Last Thursday night I has the pleasure and the privilege of being the guest at PORK (Parents of Religious Kids). This is a group of parents who have children who have become observant of Torah and Mitzvot. They speak about their own experience, provide tips and advice for one another and offer support when needed.

The group has the shared experience, as most parents do, of having to deal with the changes in their relationship to their child. In these cases however, that change in the relationship was fairly sudden, quick and in the name of religion. Most parents were Jewish themselves and this seemed to bring a bit more contention.

I spoke about my personal journey, my becoming religious, which I do believe is a continuous journey that does no end. My becoming 'frum' was slow and done with some forethought. I took on new Mitzvot every now and then and always tried to avoid interfering with my friends of families choices. As a Rabbi of mine said, "Your brother is your brother, not your student". Wise words.

I went off to Yeshivas Tiferes Bochurim in Morristown, NJ. There, the rabbis were supportive and understood the challenges both sides endured. They constantly encouraged us to call home, share our experiences with our families and respect the terms our parents expected or demanded. We called home on Mother's and Father's day, wished them happy new year on January 1st and called them on the english birthday. This may sound like frivolity and silliness but I assure you, when you are becoming religious, the desire, and sometime the need, to completely negate everything not religious is strong. This I call the "FRUM-entation" stage. Just like a wine that needs time to ferment and take on the robustness of its flavour and at the same time needs to be kept sealed and in the dark so as not to upset the process, so too a Baal Teshuva requires an extremely controlled environment and it is difficult to keep the balance between heaven and earth.
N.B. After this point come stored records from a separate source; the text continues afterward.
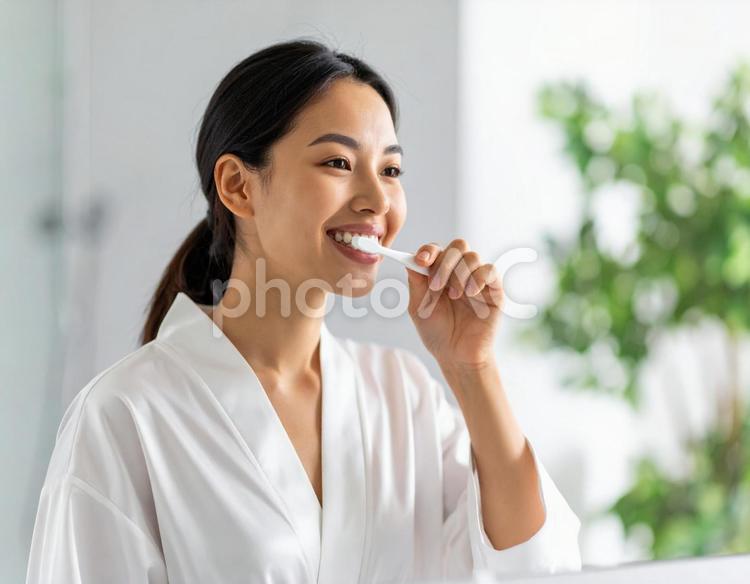 歯を磨く女性 女性,歯,磨くの写真素材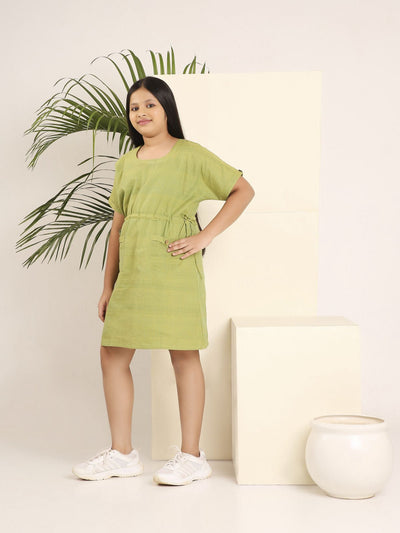 Kaftan Styled Dress for Girls | Comfortable Flowing Cotton Kids Dress – Kids Frocks & Dresses on Brown Living™. SKU: LB-BL-01. Img 1.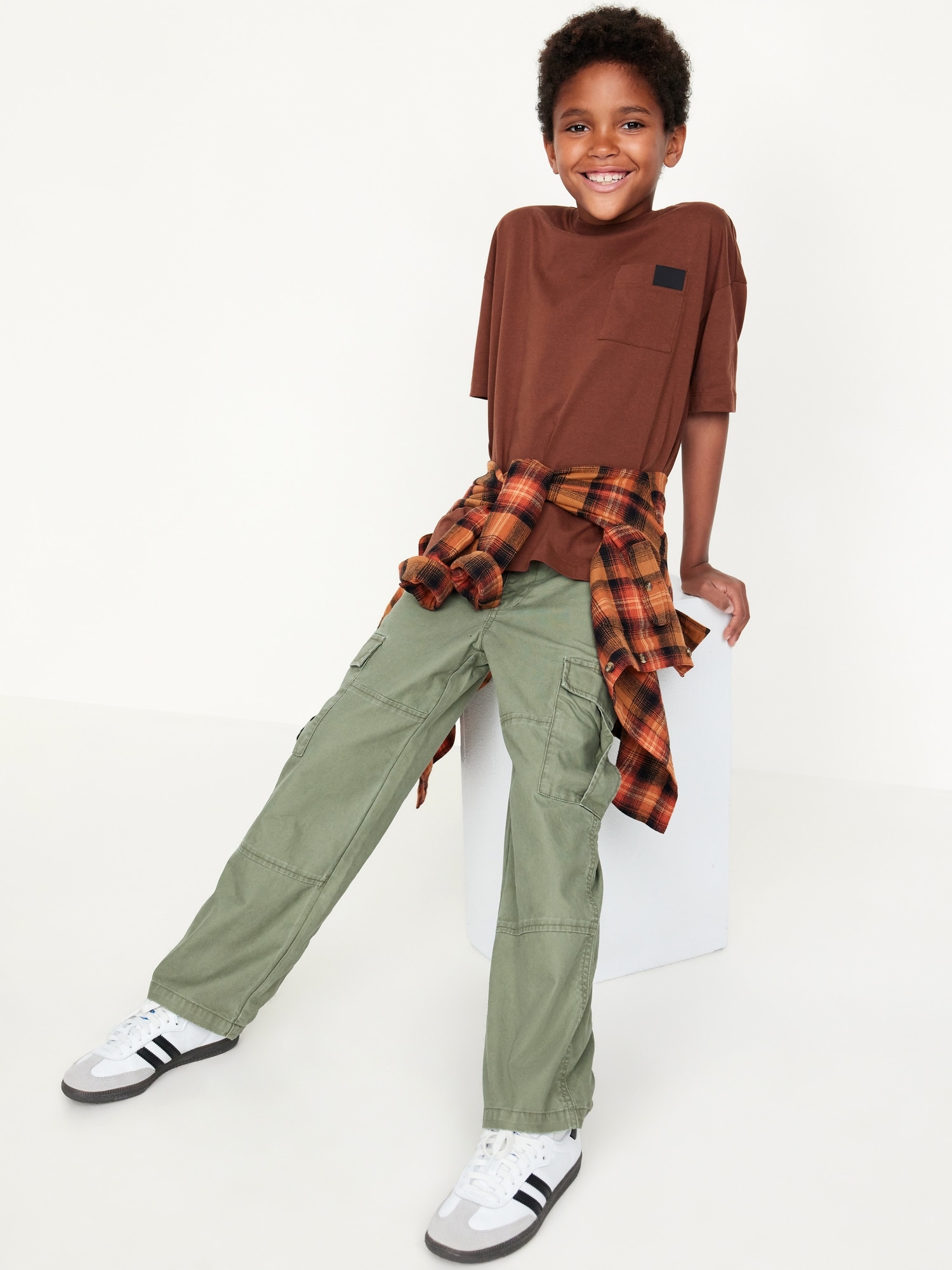 Baggy Non-Stretch Cargo Pants for Boys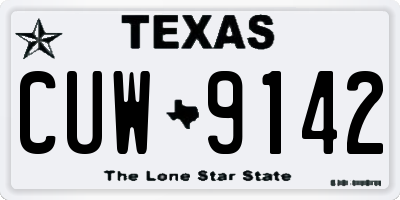 TX license plate CUW9142
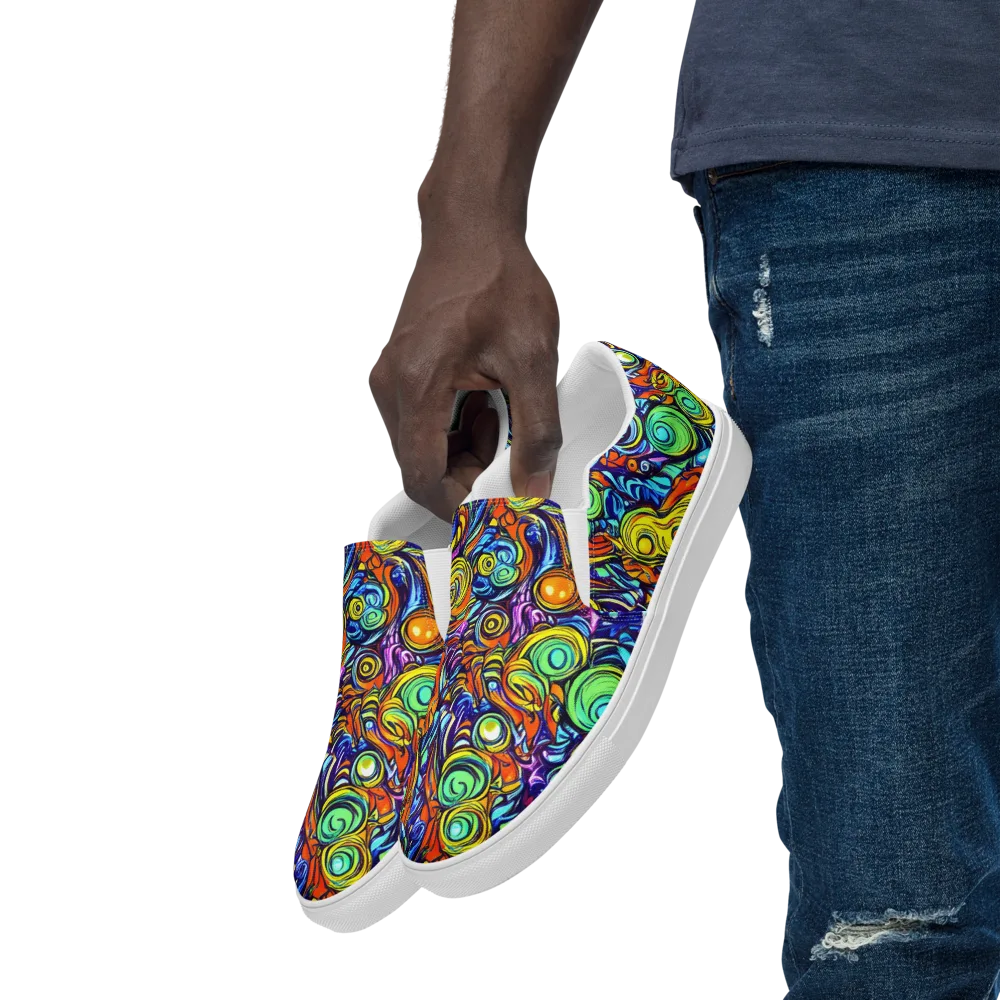 Orbiting Brilliance on Men's Slip-On Canvas Shoes — Left Front
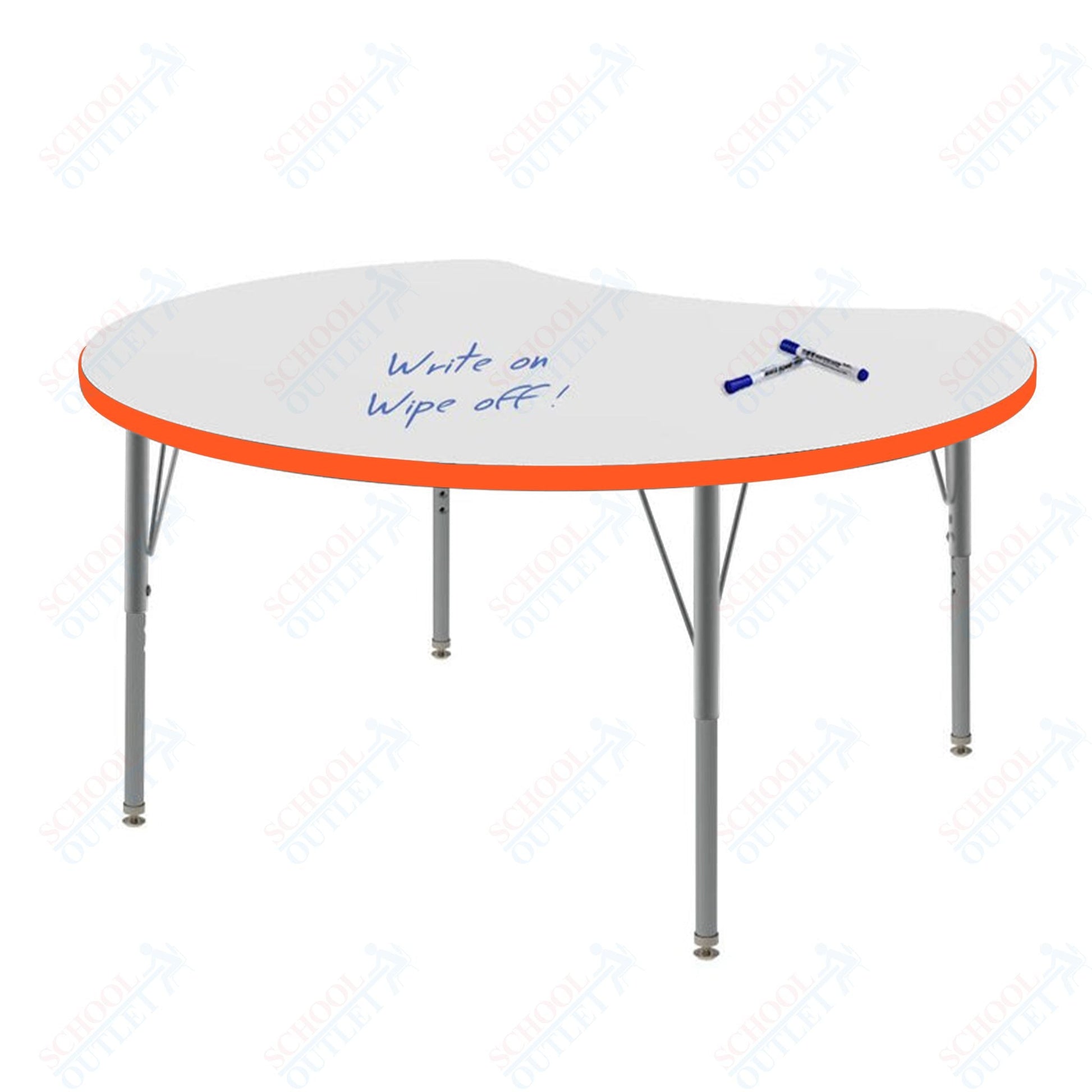 Marco MG2200 Series 48" Scoop Preschool Table w/ Dry Erase Top Adj Height 16" - 24" (MG2296 - DA) - SchoolOutlet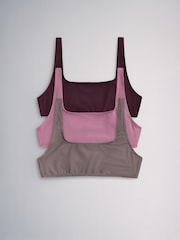 The Set 3 Pack Crop Bikini Tops Pink/Grey - Image 2 of 13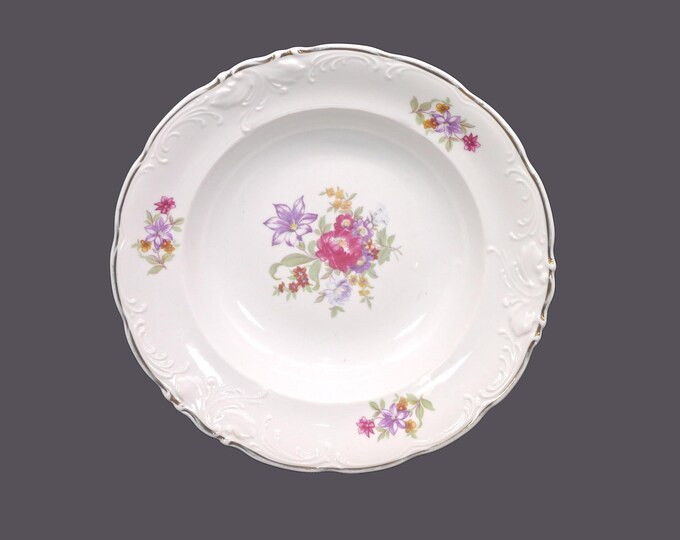Wawel Meissen Flower rimmed soup bowl, embossed scrolls, made in Poland.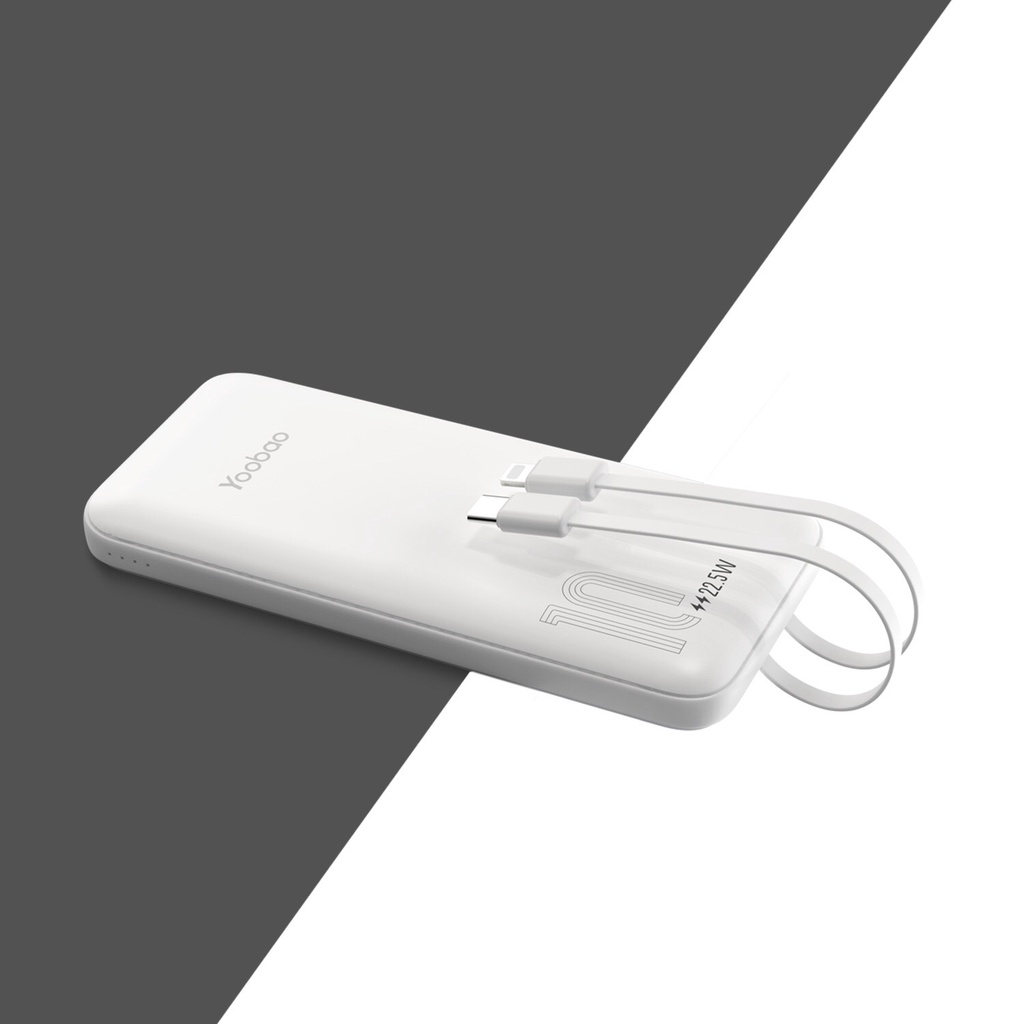 Pin Sạc Dự Phòng Yoobaao LC1 Dung lượng 10000mAh Dòng Sạc 22.5w 2 Cáp mỏng tích hợp PD QC Sạc nhanh Cáp Lightning Type-C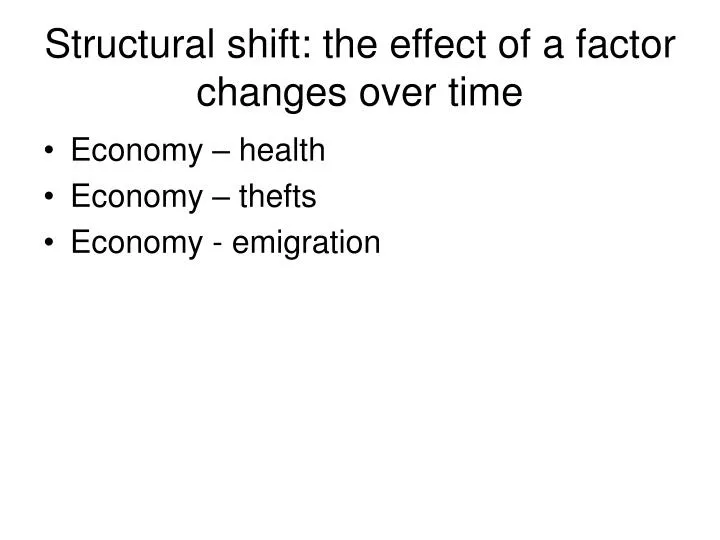structural shift the effect of a factor changes over time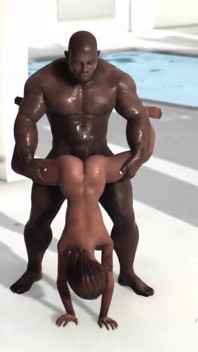 Skupinový sex na ostrově. Černí velcí kluci šukají tvrdé sexy nadržené dívky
Unfortunately, many yeshivot today do not teach or preach these practices. They adopt these students in their entirety and seemingly encourage them in the extremes of piety and zealotry. It appears there are Baal Teshuva programs, outside of the context I am personally familiar with, that do not see the Baal Teshuva stage as its own entity, but rather view it as something requiring remedy. They see their role as making people frum and helping them enter the main stream world of Torah. The complications of this are that individuals with talents, training, education and the like are being deprogrammed from any connection to the world outside of a strictly Torah world. (As if there is no Hashem in the world). They leave the part of themselves that may have contributed to society in general and even to the frum world (Yes, we need frum doctors too) and focus solely on being the most religious, most pious and most zealous member of the group; The proverbial 7% of students that become the next generation of leaders. But when we teach and train the 100% to be the 7%, there are 93% of people left behind. This is a problem in the general world of Ultra-Orthodox Judaism.

Phew, my intention here is not to degrade or question any Yeshiva system. I am solely trying to reiterate the feelings I felt and things I perceived from talking to some of the parents at PORK. There were a number of good stories too, of parents doing more and more to make their children comfortable, to keep them a part of their lives. There were stories of children who keep their parents in the loop and do anything they can to keep the peace and harmony in the relationship.

The advice I offered parents was this: Get to know the system your child is entering. Speak to the Rabbis and/or the mentors at the institution, get to know them and what they are teaching your child. Ask them advice on how to keep your child close, on what you can do to make them more comfortable in their journey. As well, express your needs as a parent. Tell them your expectations of your child. Do this in a respectful manned and sincerely care for your child's well-being. I am sure the yeshiva is not consciously trying to take your child away from you in any way, but a parent that does not call or try to make this connection will never be considered when advice is offered to the child. Make sure they know you are there.

I grew up with supportive parents and that has made all the difference in me. I will never do anything to upset that relationship. And when I began becoming frum, they were a factor I took into consideration. I made sure I always had respect, I used tact when trying to explain a need or concern of my own. I never judged them, never expected more, never tried to convert them, I just lived my life as I had before, with 613 more things I need to do.